Are fixed-term contracts a thing of the past?

One of the amendments introduced by the Fair Work Legislation Amendment (Secure Jobs, Better Pay) Act 2022 severely restricts the use of fixed-term and outer limit contracts of employment, and will present a major change to how businesses can structure their workforces moving forward.

It will be unlawful for an employer to engage an employee on a ‘fixed-term’ contract or ‘maximum-term’ contract where:

  • the term of the contract is more than 2 years;
  • the term of the contract plus any express renewal period is more than 2 years;
  • the contract contains an express right or option to renew the contract more than once; or
  • an employee was engaged under an earlier fixed-term contract for substantially similar work and either:
    • the new contract contains an option for renewal;
    • the previous contract contained an option for renewal which was exercised; or
    • the term of the new contract combined with the term of the previous contract is more than 2 years.

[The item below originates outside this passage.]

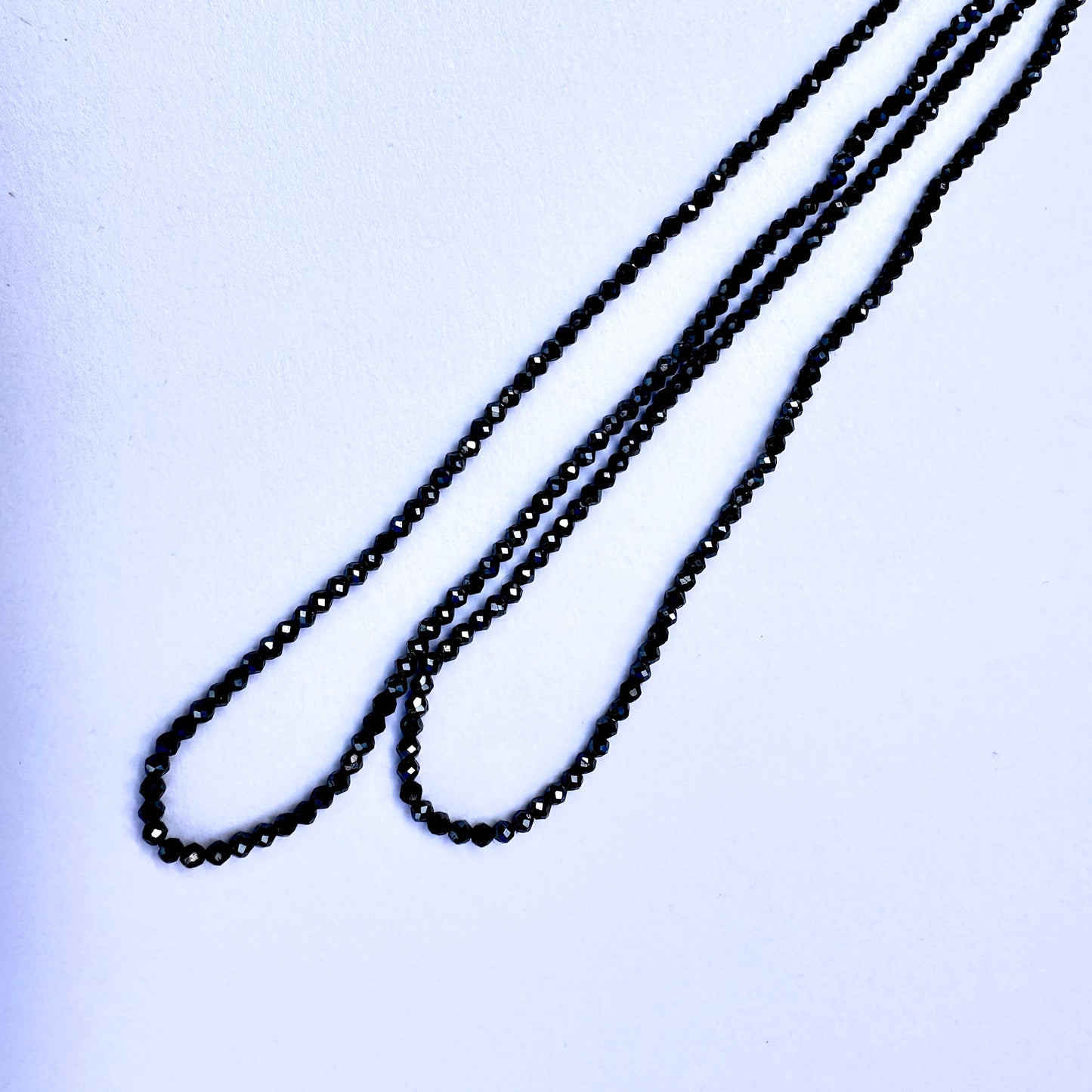 Natural gemstone beads in coated Black Spinel, 2.1mm size, ideal for elegant DIY jewellery designs.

A breach of this requirement will attract a civil penalty.

Where a non-compliant contract is entered into, the contract will not end on its nominal expiry date, the employee may be entitled to notice of termination and redundancy pay entitlements under the National Employment Standards, and the employee may also have unfair dismissal protection.

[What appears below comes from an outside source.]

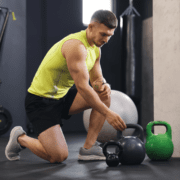 A man in a sleeveless yellow shirt and black shorts kneels on one knee in a gym, reaching for a black kettlebell beside a green one—engaged in base building for marathon training. Exercise equipment and a stability ball are visible in the background. Austin Marathon Half Marathon & 5K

Fixed-term and maximum-term contracts will continue to be permitted in limited circumstances, including where:

  • the employee’s remuneration is above the high income threshold (currently $162,000);
  • the employer needs additional staff to perform essential work during a peak demand period (such as seasonal work);
  • the employee is covering for another employee who is temporarily absent (for example, an employee who is taking parental leave or on workers compensation);
  • the work performed by the employee is government-funded and there are no reasonable prospects that the funding will be renewed;
  • the employee has specialised skills that the employer needs to complete a specific task;
  • a fixed-term or maximum-term contract is expressly permitted under a modern award that covers the employee; or
  • the employee is engaged on a casual basis.

There is also a new obligation on employers to provide a ‘Fixed Term Contract Information Statement’ to employees who enter into fixed-term contracts (whether or not one of the above exceptions applies) as soon as practicable after the contract is entered into.

Businesses should review their existing use of fixed-term contracts and consider whether their current contractual arrangements will be able to continue once the amendments commence in 12 months’ time.

This article provides general commentary only. It is not legal advice. Before acting on the basis of any material contained in this article, seek professional advice.